So some New York vignettes. – My room was on the 50th floor of the Millennium Hilton Hotel right opposite where the World Trade Centre buildings stood. This area is a building site, with almost round the clock, construction. I started in a room on the 34th floor facing the centre, due to the noise moved up and to the other side of the building. The view was spectacular, Brooklyn Bridge with its tracery of girders, perhaps a mile away, the traffic dominated by the flashes of yellow New York cabs. The Hudson river with bustling boats taking tourists up and down. In the distance Central Park a green oasis in the high rises. And despite being on the 50th floor it was still noisy: sirens, jack hammers, trucks and a throb of people.

At Penn Station I went to buy a book I have wanted to read. There in the bookshop was a stand of Oxford University Press Very Short Introductions. Yes, the VSI on HIV/AIDS was among them, and I had to tell the storekeeper that it was mine. What a nice moment!! When I see it on the stand at Schipol Airport I will know it has made it.

I went out with friends most evenings. On the Saturday we had a pizza and then went to a piano bar called Marie’s Crisis Centre in the East Village. The idea (I learnt) is that the piano player beats out music and people stand round and sing. It was great. The music tended towards Mary Poppins, My Fair Lady and old musicals. I had not realised it was a mainly gay crowd until I noticed that there were very few women and many of the men had their arms round each other.
The cab driver who took me back to the hotel one evening was Irish New York. He travels back to Ireland every two years with an organisation called ‘Sons of Cork’. His father was the last official New York cobblestone layer! He was a fireman and was one of the people called down on 9/11. This brought home to me how traumatic the event was for many people, and of course so many firemen lost their lives.

Walking back to the hotel I asked directions to the World Trade Centre because I can’t bring myself to call it ‘Ground Zero’. The hawker looked at me with disgust a pity and said. “It is not there any more”. So there!
The sunshine was amazing and it is perhaps the New York of streets in shadow that is the most evocative. The hotel was in the financial district. One evening I walked past the stock exchange, but in the side streets though were small shops and union offices. A city of contrast!

And my reading: Nudge: Improving Decisions About Health, Wealth, and Happiness by Richard H. Thaler and Cass R. Sunstein, Penguin 312 pages, 2008 . These professors at the University of Chicago argue that totally free markets can lead to disasters because human individuals are not actually very good decision-makers. They are pushing what they call `libertarian paternalism’. It was an interesting book and gave me food for thought. It is too long and too much is from US examples. Worth reading?

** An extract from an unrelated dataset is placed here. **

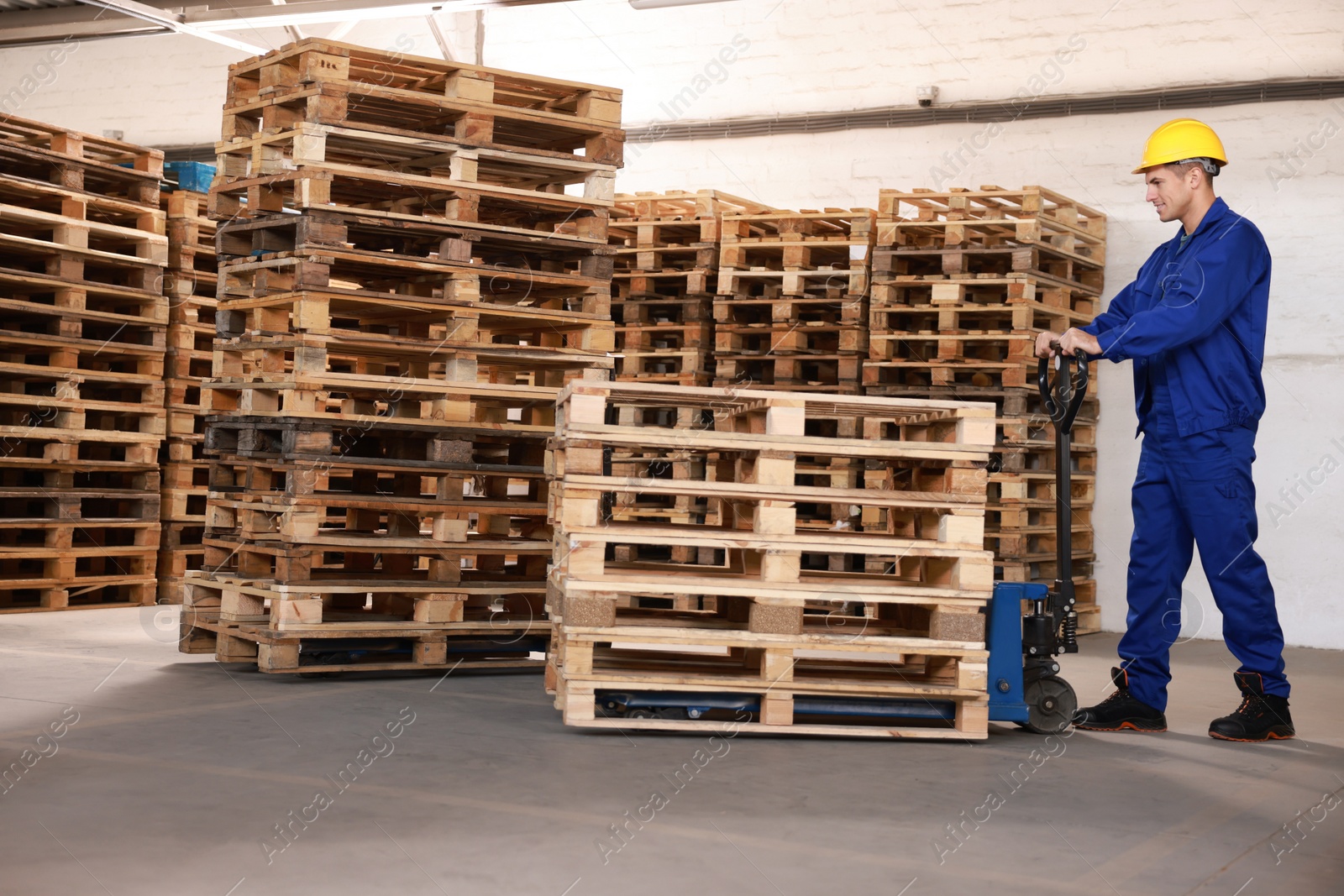 Image of Worker moving wooden pallets with manual forklift in warehouse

Yes and 7.5 out of 10 for content; 8 of 10 for ideas and 6.5 for writing styles.

Deer Hunting with Jesus: Guns, Votes, Debt and Delusion in Redneck America by Joe Bageant, Potobello books, 288 pages August 2008. I really enjoyed this book which was recommended by Lori Tarbett in Carleton. Bageant writes about class in the US and the poverty and inequality. Most striking is the lack of hope. Worth reading? Yes and 9 out of 10 for content; 8 for ideas and 8 for writing style, it does get a bit polemical at times.

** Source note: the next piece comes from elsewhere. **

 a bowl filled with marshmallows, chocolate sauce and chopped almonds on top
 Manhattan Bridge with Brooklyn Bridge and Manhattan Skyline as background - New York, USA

The Other Side of the Bridge, Mary Lawson. This is fiction and was nominated for the Booker Prize. Published by Chatto & Windus it is 275pp, 2006. She has written one other book ‘Crow Lake’. This is fiction set in Canada at its best. It begins in the mid 1930s and ends in 1990 and is the story of love and sibling rivalry in a small town in Northern Canada. Worth reading? Absolutely! 9 out of 10 for content; 8 for perception and 9 for writing style.
Let me end there and send this off.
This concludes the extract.